Leave out pictures; repeat exactly the lines from the "Phantom Pain Amputation" line through the last of the data below.

======== Material to process

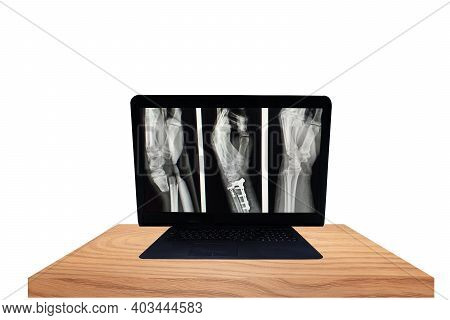 X-ray Left Wrist Fracture Distal Metaphysis Of Both Bones Forearm.dorsol Displacement Of Distal Frag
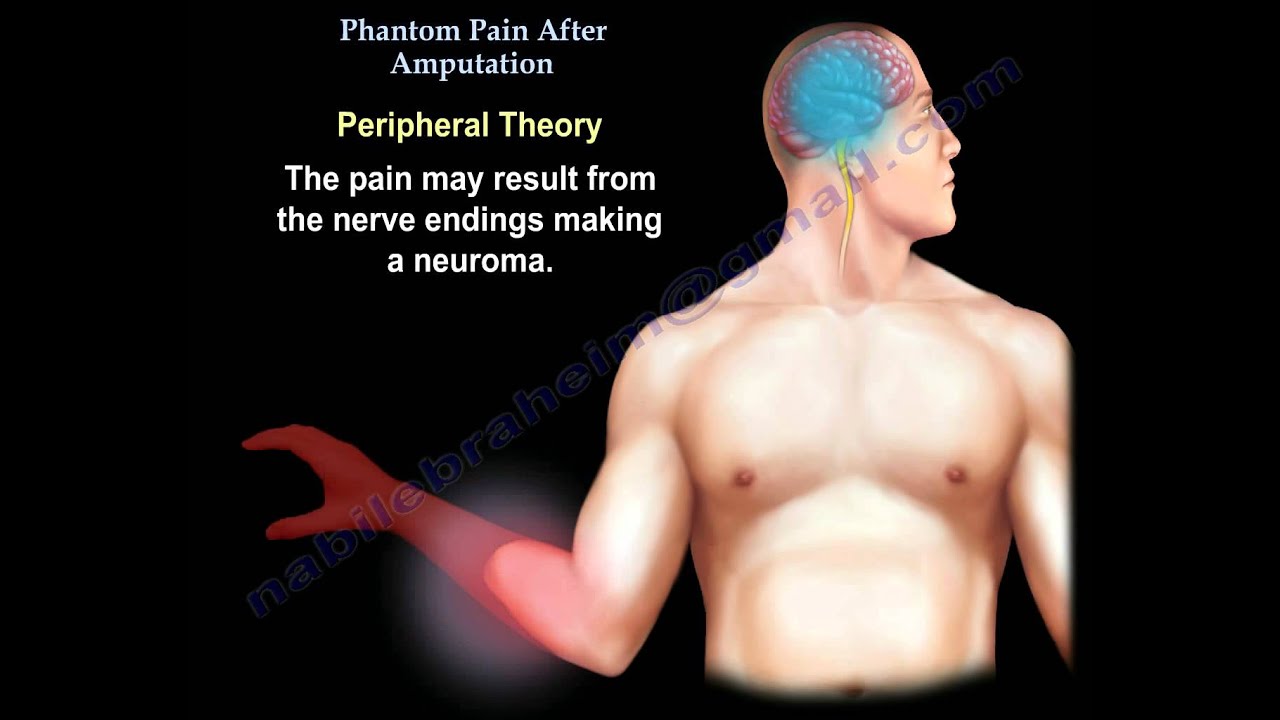 Phantom Pain Amputation - Everything You Need To Know - Dr. Nabil Ebraheim
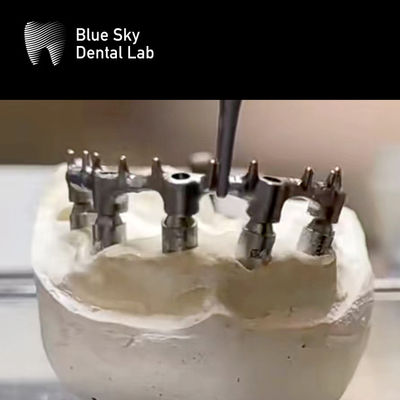 satın al Çıkarılabilir protez Ti Bar Dental Titanyum Bar Nail ile online manufacture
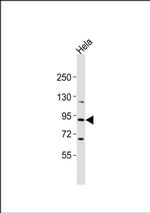 RASA4 Antibody in Western Blot (WB)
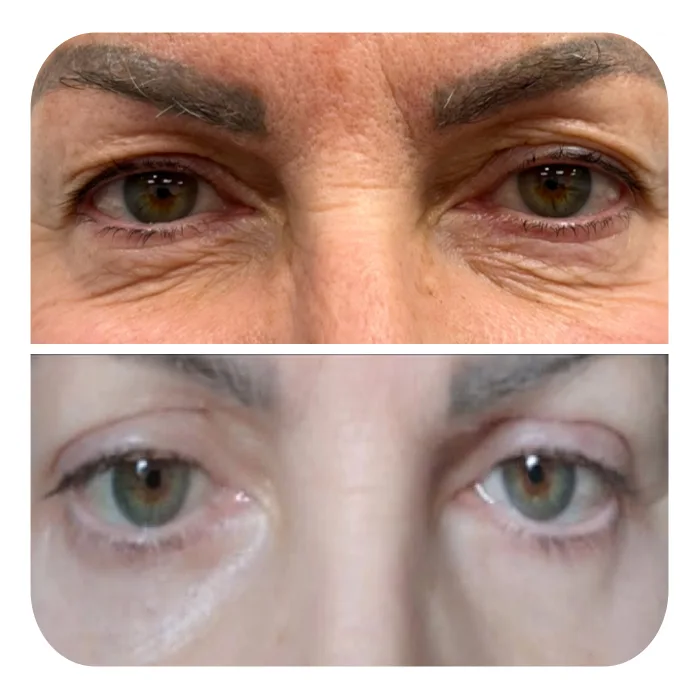 blefaroplastiki_07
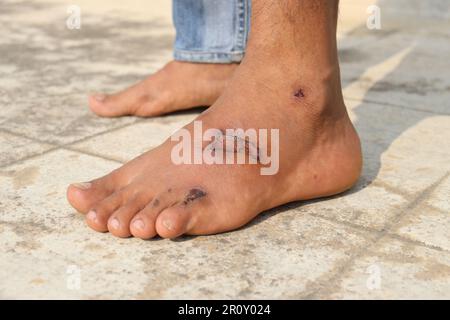 Montrant une blessure semi-séchée sur la jambe gauche d'un homme avec fond de sol en béton dans la lumière du jour . Concept médical et de santé Banque D'Images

================

Exercise solution:
 Phantom Pain Amputation - Everything You Need To Know - Dr. Nabil Ebraheim
 satın al Çıkarılabilir protez Ti Bar Dental Titanyum Bar Nail ile online manufacture
 RASA4 Antibody in Western Blot (WB)
 blefaroplastiki_07
 Montrant une blessure semi-séchée sur la jambe gauche d'un homme avec fond de sol en béton dans la lumière du jour . Concept médical et de santé Banque D'Images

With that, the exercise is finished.